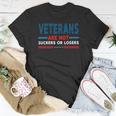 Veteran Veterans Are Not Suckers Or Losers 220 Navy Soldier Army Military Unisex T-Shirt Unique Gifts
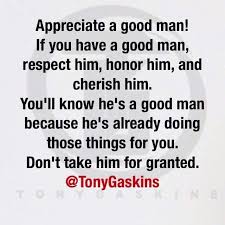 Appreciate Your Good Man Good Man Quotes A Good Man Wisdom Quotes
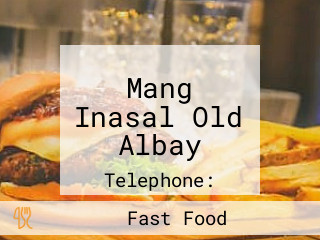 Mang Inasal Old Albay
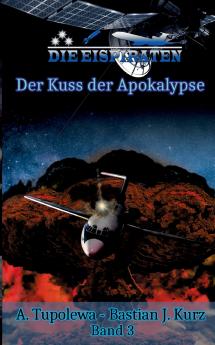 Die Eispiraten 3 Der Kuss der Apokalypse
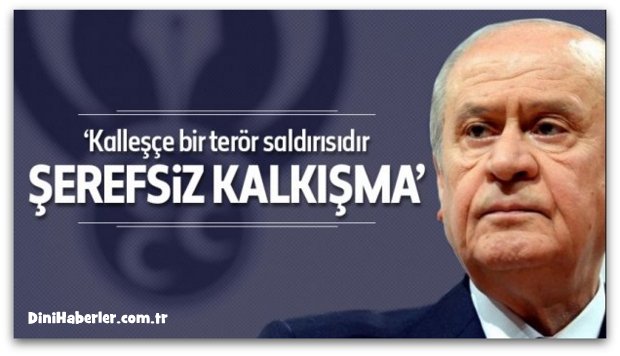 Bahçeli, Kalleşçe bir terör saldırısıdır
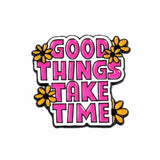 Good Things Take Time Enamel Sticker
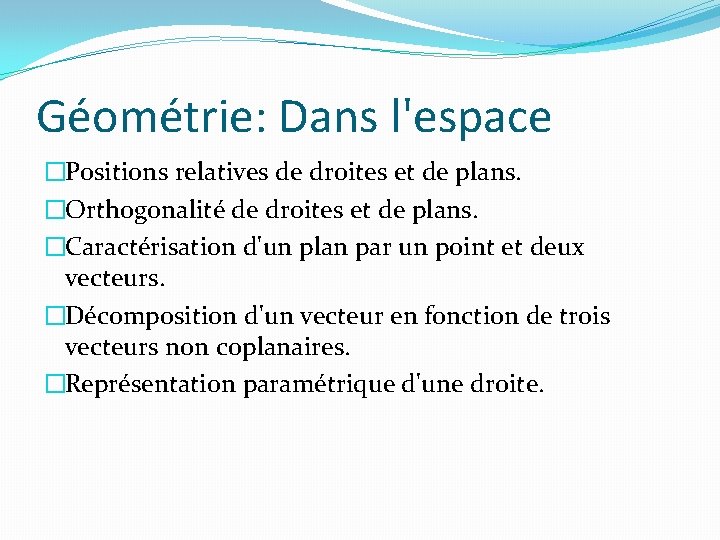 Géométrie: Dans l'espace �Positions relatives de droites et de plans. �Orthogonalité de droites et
* * *
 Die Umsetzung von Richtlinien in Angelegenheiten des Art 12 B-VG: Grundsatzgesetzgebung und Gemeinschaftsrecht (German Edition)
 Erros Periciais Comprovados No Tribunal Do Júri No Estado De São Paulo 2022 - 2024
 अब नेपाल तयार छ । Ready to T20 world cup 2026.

Exercise description
Between and including the line with "Die Eispiraten 3 Der Kuss der Apokalypse" and the line with "Géométrie: Dans l'espace", repeat every line exactly as it appears above, with pictures left out.

Written answer
 Die Eispiraten 3 Der Kuss der Apokalypse
 Bahçeli, Kalleşçe bir terör saldırısıdır
 Good Things Take Time Enamel Sticker
 Géométrie: Dans l'espace �Positions relatives de droites et de plans. �Orthogonalité de droites et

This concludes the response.